# DSl Verbindung mit Gentoo 1.4 ??

## minbari

Hallo !

Ich kann es noch gar nicht glauben, nach einigen Jahren Mandrake bin ich jetzt auf Gentoo umgestiegen.

Nach etlichen Versuchen hab ich es tatsächlich geschafft, Gentoo läuft.

Aber nun hab ich leider Mist gebaut. Ich hatte das Problem, dass ich nur über die Konsole die ADSL Verbindung starten konnte, über KDE nicht.

In der Readme von rp-pppoe stand, daß man einfach die default route von eth0 auf ppp0 üpber die /etc/rc.local umbiegen soll.

Nur diese Datei gibt es bei Gentoo nicht.

Also hab ich was dummes getan, hab dies ausprobiert:

rc-update add net.ppp0 default

Danach bekam ich auch in der Konsole keine Verbindung mehr mit dem Internet.

Also hab ich gedacht, ich mach den Befehl einfach rückgängig, hab dies eingegeben:

rc-update del net.ppp0 default

Hat aber nichts gebracht, bekomme immer noch keine Verbindung.

Kann mir jemand sagen, wie ich wieder ins Internet komme?

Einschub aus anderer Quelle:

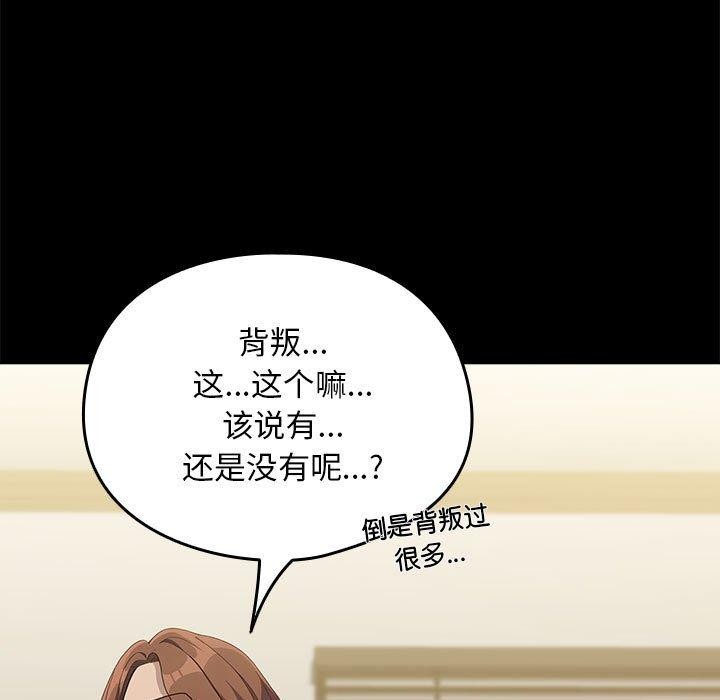 我家的赘婿大人/赘婿要通吃第70話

Wenigstens wieder mit der Konsole??

Danke 

minbari

----------

## Dimitri

Hi,

evtl. hilft schon ein neues adsl-setup?

Dim

----------

## minbari

Nein, schon probiert, ich denke es liegt daran dass ppp0 nicht mehr aktiviert wird.

ifconfig zeigte vorher 3 laufende schnittstellen an.

eth0 

io

ppp0

Jetzt fehlt ppp0, nur wie änder ich dies?

----------

## catfeelx

Moin,

Ich hatte zuerst auch Probleme mit dem DSL Zugang. 

Ich habe, zuerst auf der console mit adsl-start den zugang gestartet. 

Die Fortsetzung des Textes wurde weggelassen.